Furthermore, in the step of constructing a one-to-one grid map, wherein each point in the 3D point cloud correlates with a pixel in the 2D panoramic image 12, the 2D text detections are mapped to the 3D space using a grid mapping algorithm. The grid construction is a one-to-one mapping based on the principle of spherical projection, and allows for the construction of a 2D RGB panoramic image from the 3D point cloud, and vice versa. Since each 2D pixel has a corresponding point in 3D through this grid mapping, we can use the 2D midpoint of a bullseye to find the 3D centroid of its 3D bounding box. The algorithmically determined 3D centroid is compared against the manually annotated ground truth via simple distance metric.
In one embodiment, one may crop all points within about 0.5 m of the centroid as the target point cloud for further processing; this provides a smaller area for the optical character recognition. This target point cloud's normal vector determines the orientation of the bounding box
In one embodiment, the grid mapping algorithm further comprises mapping the distance return values to the 2D panoramic image; projecting the 2D panoramic image onto a cube map detecting the target objects within the 2D panoramic image; generating target object data for individual boxes of the cube map; and mapping the target object data to the 2D panoramic image and 3D point cloud.

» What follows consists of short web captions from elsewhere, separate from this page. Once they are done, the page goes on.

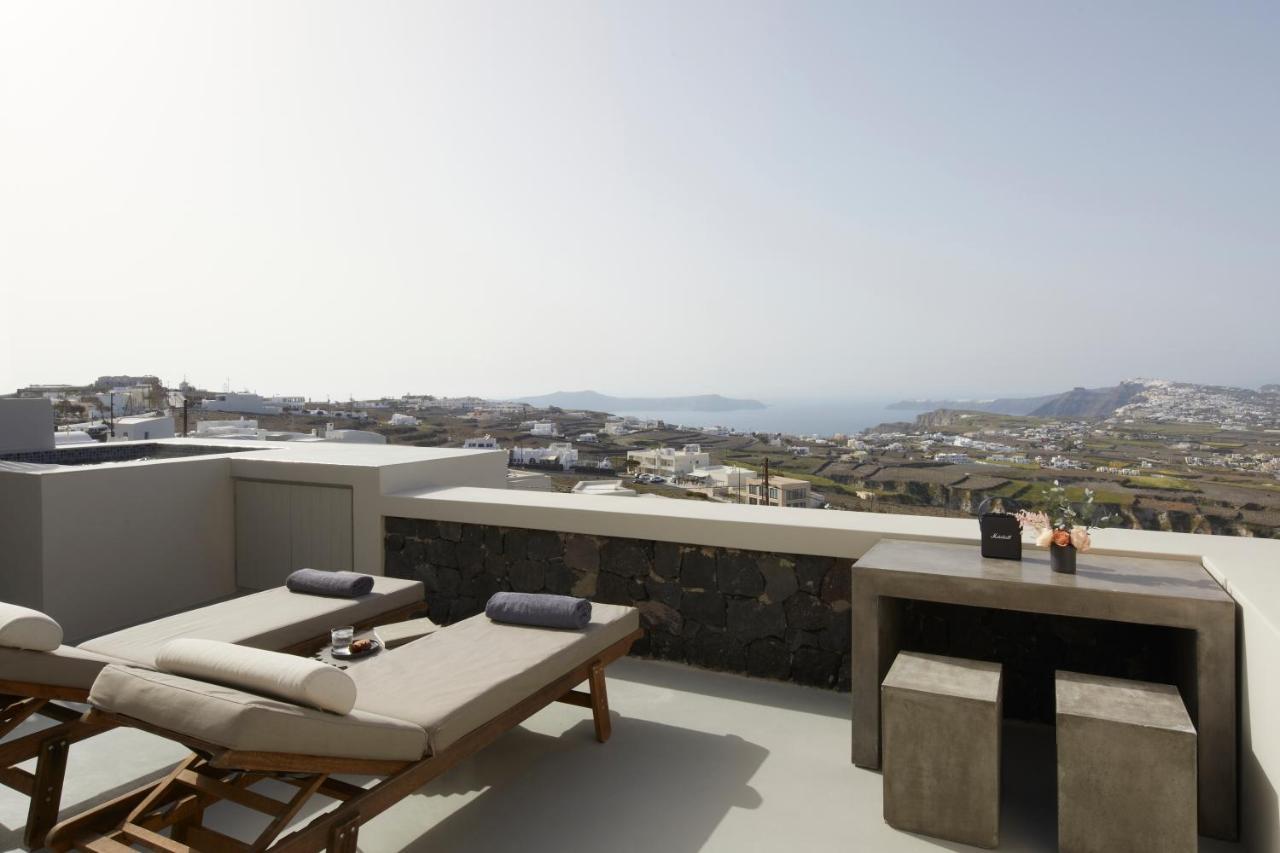 My Santorini Villa, Luxury * Pyrgos Kallistis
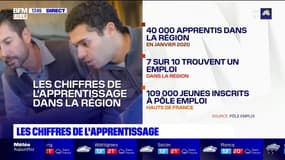 Tout comprendre de l'apprentissage dans la région 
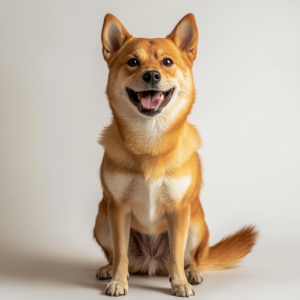 Shiba Inu Köpek Irkı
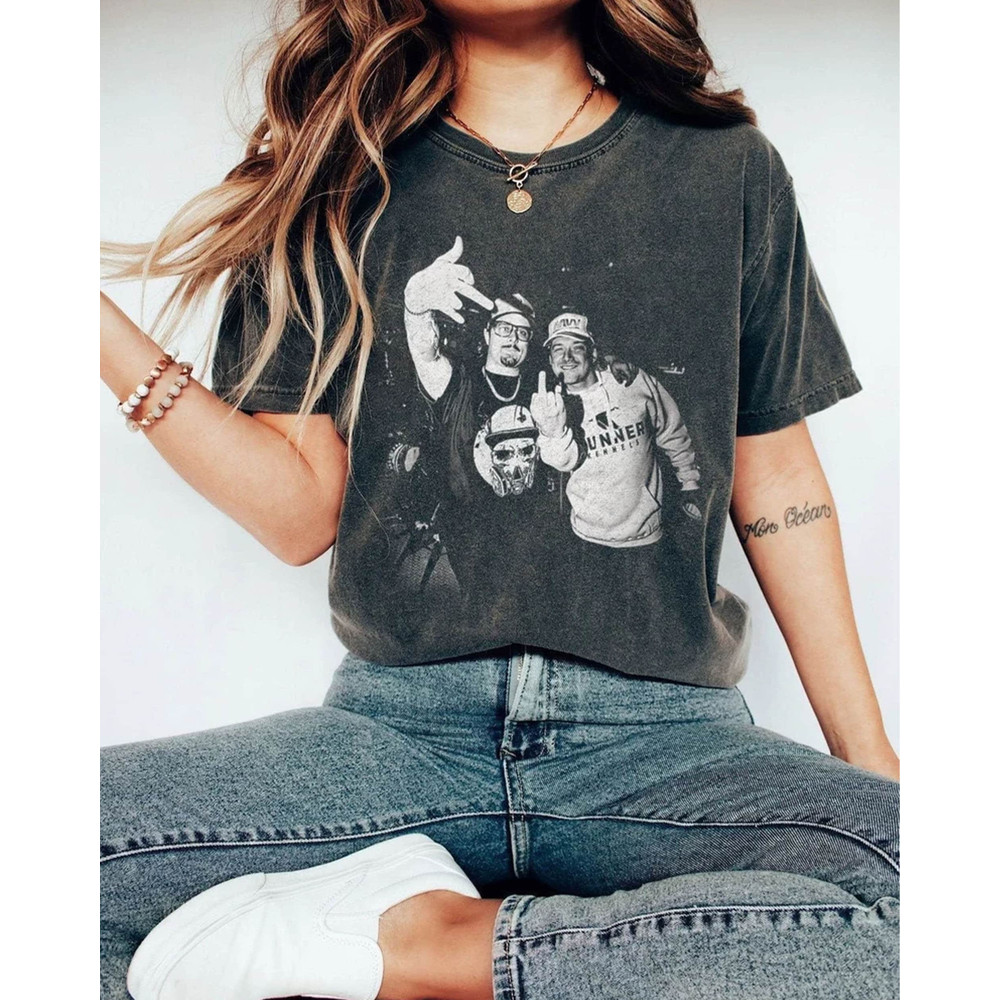 Vintage Hardy And Wallen Tee, Hardy 2024 Country Music Fest, Wallen Shirt, Hardy Shirt, Comfort Colors shirt.jpg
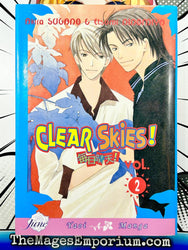 Clear Skies Vol 2 (Online Order Only)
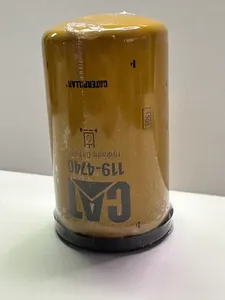 CAT 119-4740 Hydraulic Oil Filter — 4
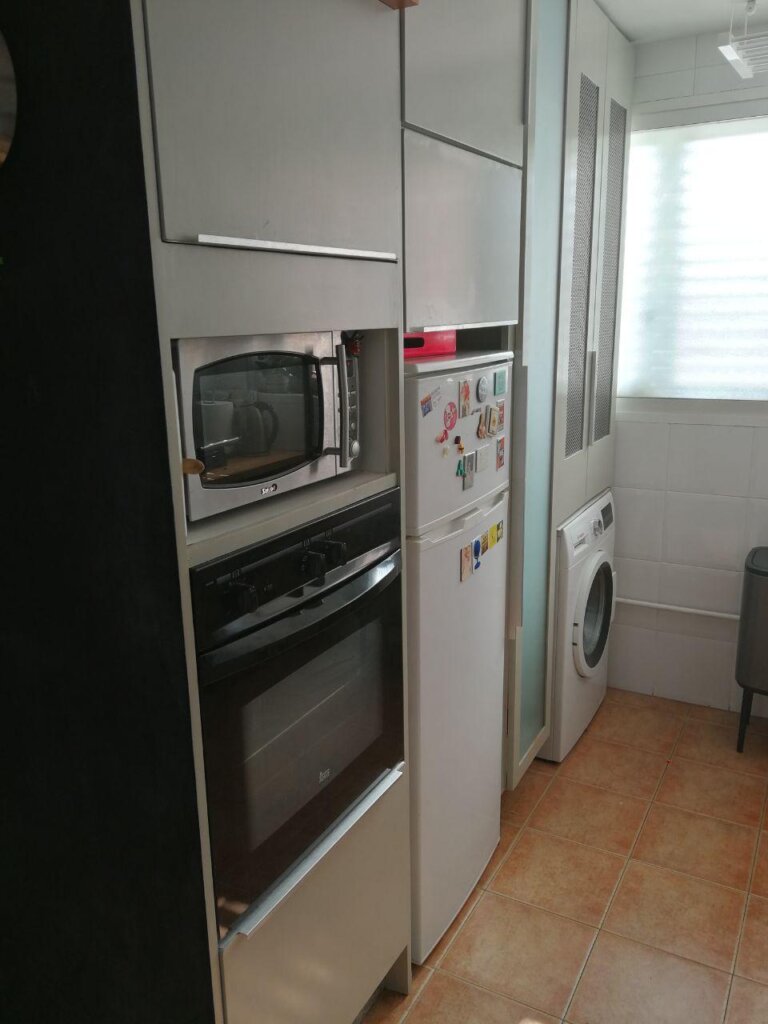 reforma integral cocina en Murcia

In one embodiment, the systems and methods may assume bullseyes are flat (i.e. on a wall). Plane estimation may be performed, for example, by using Open3D's random sample consensus (RANSAC) algorithm from which the normal vector is then calculated. After plane estimation, points close enough to belong to that plane are selected. For example, within a distance threshold of 2 mm may be used for selection. The difference in angle between the algorithmically determined normal vector and the ground truth may also be calculated.

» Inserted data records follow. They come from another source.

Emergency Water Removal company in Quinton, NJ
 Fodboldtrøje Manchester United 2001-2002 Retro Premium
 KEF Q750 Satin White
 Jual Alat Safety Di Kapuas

Furthermore, additional techniques may be required to localize and recognize objects of interest located on curved surfaces. Curved surfaces may utilize the determination of an ideal normal vector. An ideal normal vector may be determined by testing a range of viable distances and normal vector angles. Testing and evaluating normal vectors may be done with a variety of detection and OCR algorithms to find a strong combination. Optimally, a method of recognition has a high accuracy, precision, and recall percentage. For example, the following text or OCR algorithms may be used: Paddle, Efficient and Accurate Scene Text (EAST), Character Region Awareness for Text (CRAFT), and Attentional Scene Text Recognizer with Flexible Rectification (ASTER). The distance metric may be optimized by comparing it with the algorithmically determined 3D centroid extrapolated from one-to-one grid mapping. Additionally, normal vector angel angle may be optimized by comparing the algorithmically determined normal vector and the ground truth for each algorithm combination. In one embodiment, a final algorithm, or combination of algorithms, may be selected by considering three metrics: binary confusion matrix, 3D centroid distance, and normal vector angle. Using these metrics, a resulting algorithm, for example, may be a combination of CRAFT and ASTER.

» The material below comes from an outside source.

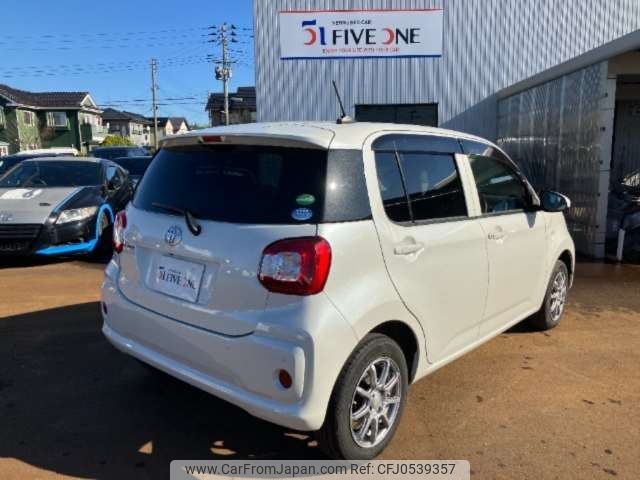 toyota passo 2019 -TOYOTA 【長岡 501ﾉ2098】--Passo 5BA-M700A--M700A-012366---TOYOTA 【長岡 501ﾉ2098】--Passo 5BA-M700A--M700A-012366- image 2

Several challenges may exist with the 2D to 3D mapping step. First, when the 2D bullseye center is mapped to 3D, there is the potential for the mapped point to be empty; e.g. result of a reflective surface, noise, etc. An empty point may be automatically assigned by the scanner to have coordinate (x, y, z)=(0, 0, 0), causing our prediction bounding box to move to the origin instead of its correct location. To solve this issue, all empty points in the grid may first be removed, then if the centroid is empty, the next closest non-zero 2D point in the new 3D grid is used instead. The second challenge may be the presence of noisy point clouds; more specifically, noisy data caused by reflective surfaces. This is especially prevalent in modern blue text bullseyes. In an exemplary test case, the point cloud of a given section of wall may have a fairly high point density. In this example, about 10-30 points clustered in a 2 cm radius. The density is dependent on the distance between the LiDAR scanner and the wall.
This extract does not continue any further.